Les déplacements quotidiens liés à l’emploi y sont plus importants que dans les autres territoires transfrontaliers (voir première partie du cours) et les infrastructures de transport sont d’ailleurs sans cesse améliorées dans le cadre de l’Union européenne pour faciliter ces déplacements. À Strasbourg, par exemple, le trajet du tramway a été étendu jusqu’à Kehl en Allemagne (2017).
Le développement économique est également partagé de part et d’autre de la frontière. La Lorraine, après avoir été en crise pendant de nombreuses années, bénéficie aujourd’hui d’importants investissements allemands.
Une entité se dégage dans cet ensemble et apparaît comme une réussite de la coopération transfrontalière. Il s’agit de la Grande Région qui regroupe des territoires français (Lorraine), allemands (Rhénanie-Palatinat et Sarre), belges (Wallonie) et luxembourgeois. Plus de 11 millions d’Européens y vivent, pour un PIB de 390 milliards d’euros (chiffres 2017). En 2018, 240 000 personnes franchissaient la frontière chaque jour, majoritairement en direction du Luxembourg. Le plus grand marché du travail transfrontalier européen possède par conséquent beaucoup d’entreprises artisanales ou des industries manufacturières.
Industrie manufacturière :
L’industrie manufacturière regroupe des industries de transformation des biens alimentaires, textiles, chimiques, métalliques, etc.
La Grande Région est devenue un groupement européen de coopération territoriale (GECT) en 2010.

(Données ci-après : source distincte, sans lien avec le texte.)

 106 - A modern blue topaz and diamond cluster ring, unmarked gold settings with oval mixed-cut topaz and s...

C’est un territoire de coopération privilégiée car il coordonne des actions diverses en plus du domaine économique : l’innovation, la coopération universitaire, le tourisme et la culture, la santé.

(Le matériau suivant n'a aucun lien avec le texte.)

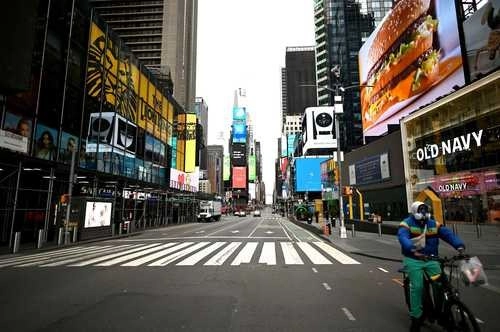 Un repartidor recorre en bicicleta la desierta Times Square en la ciudad de Nueva York. Las celebraciones de Pascua en todo el país comenzaron con iglesias casi vacías. Foto Afp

Ainsi, l’Université de la Grande Région regroupe six universités réparties dans les différents pays et propose des cursus transfrontaliers valorisant pour les étudiants. La Grande Région a même été capitale européenne de la culture en 2007.
Capitale culturelle : Une capitale culturelle est désignée par l’UE pendant une année. De nombreux projets sont alors conçus dans la région pour dynamiser le territoire et contribuer au rapprochement des peuples européens.
Conclusion :
Les coopérations transfrontalières sont donc fortement valorisées par l’Union européenne Les relations existantes (parfois anciennes) dans ces territoires ont été renforcées, organisées par l’intervention de l’UE. Mais les régions transfrontalières françaises n’ont pas toutes le même dynamisme. Le nord-est se détache devant le sud qui ne manque pourtant pas d’atouts. Cependant, on peut s’interroger sur le devenir des frontières internes de l’UE dans le cadre de ces coopérations transfrontalières.